* [Exercise description]
Copy the records that follow exactly as written, but not their pictures.

——————————

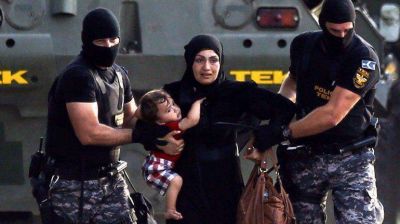 Hungr�a autoriza al Ej�rcito a usar armas no letales para frenar a los refugiados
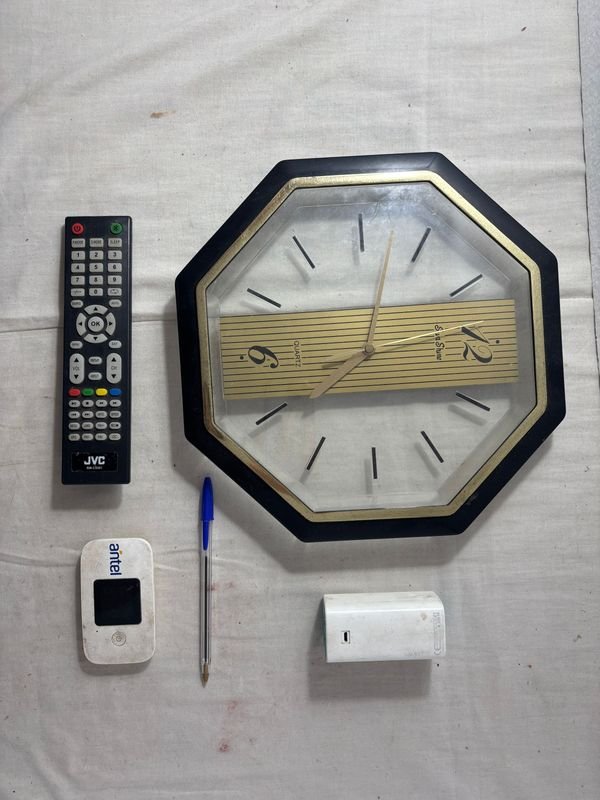 Reloj Octogonal "Sun Shine" con Control Remoto JVC y Cargador USB Múltiple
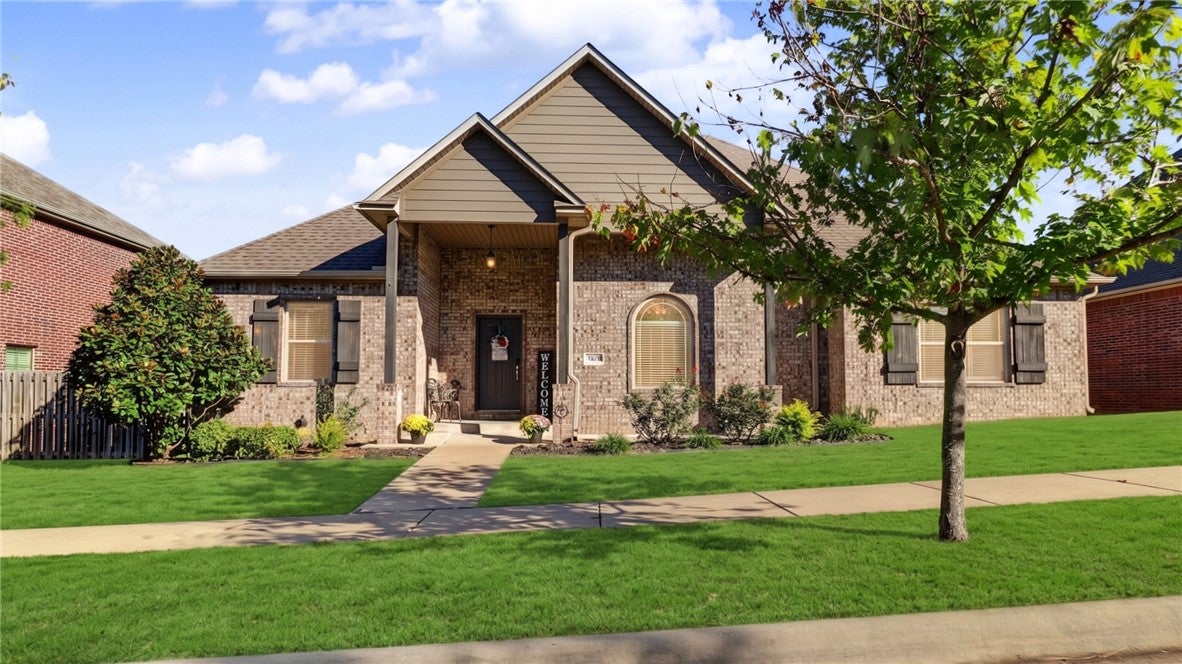 History St, Fayetteville, AR 72701
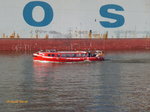 SPEICHERSTADT (ENI 05109170) am 8.11.2015, Hamburg, auf Hafenrundfahrt vor einem 18.000 TEU Containerschiff /
Barkasse für Hafenrundfahrten  / nach dem Umbau zum „sinksicheren“ Fahrzeug / Gregors Maritime-Circle-Line  /
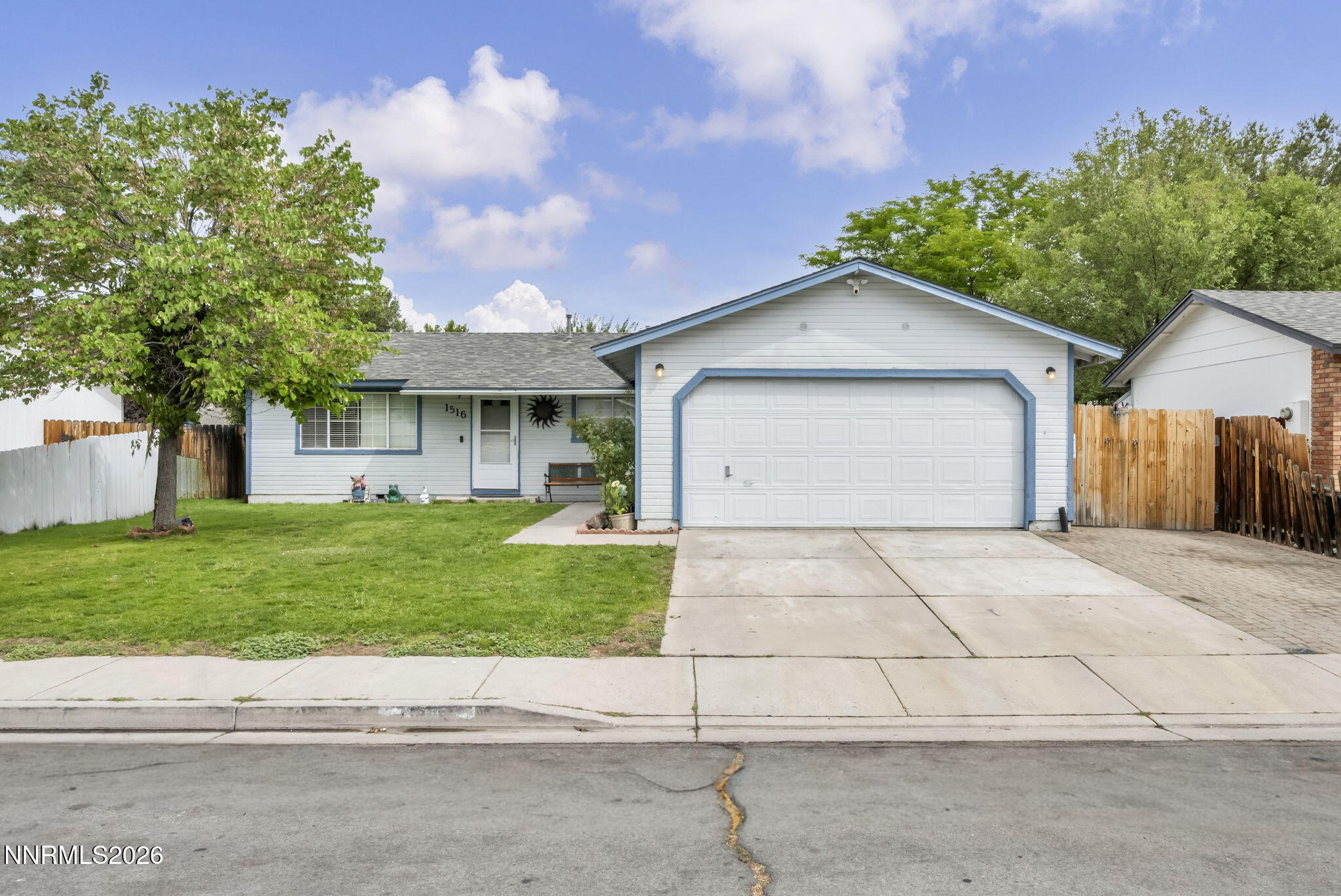 1516 Lindsay Lane — photo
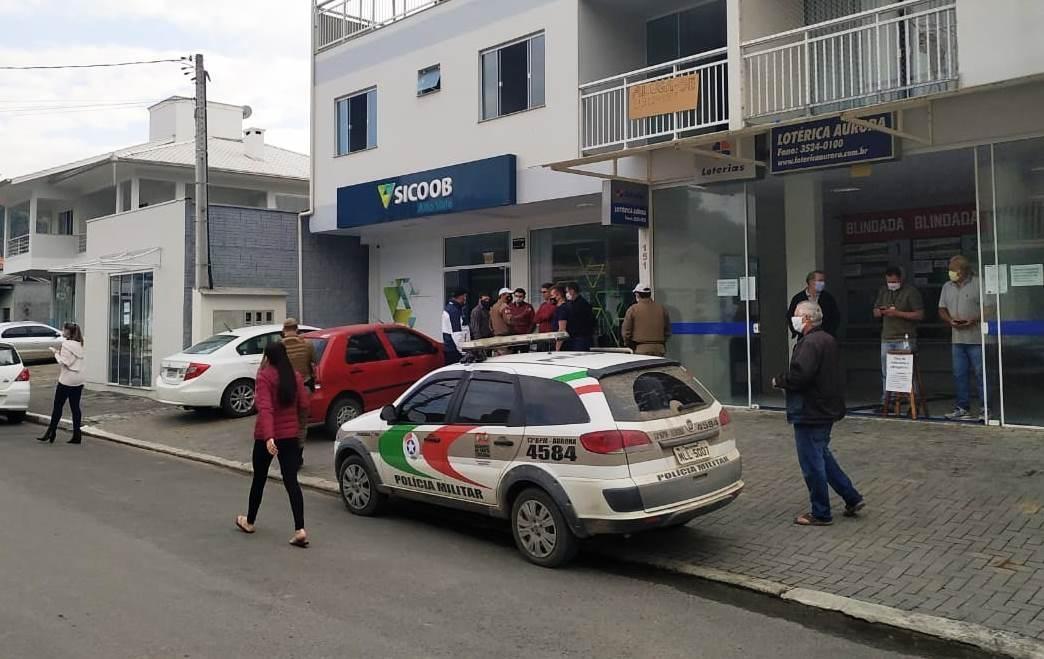 Três homens armados assaltam agência do Sicoob em Aurora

——————————

* [Written solution]
 Hungr�a autoriza al Ej�rcito a usar armas no letales para frenar a los refugiados
 Reloj Octogonal "Sun Shine" con Control Remoto JVC y Cargador USB Múltiple
 History St, Fayetteville, AR 72701
 SPEICHERSTADT (ENI 05109170) am 8.11.2015, Hamburg, auf Hafenrundfahrt vor einem 18.000 TEU Containerschiff /
Barkasse für Hafenrundfahrten  / nach dem Umbau zum „sinksicheren“ Fahrzeug / Gregors Maritime-Circle-Line  /
 1516 Lindsay Lane — photo
 Três homens armados assaltam agência do Sicoob em Aurora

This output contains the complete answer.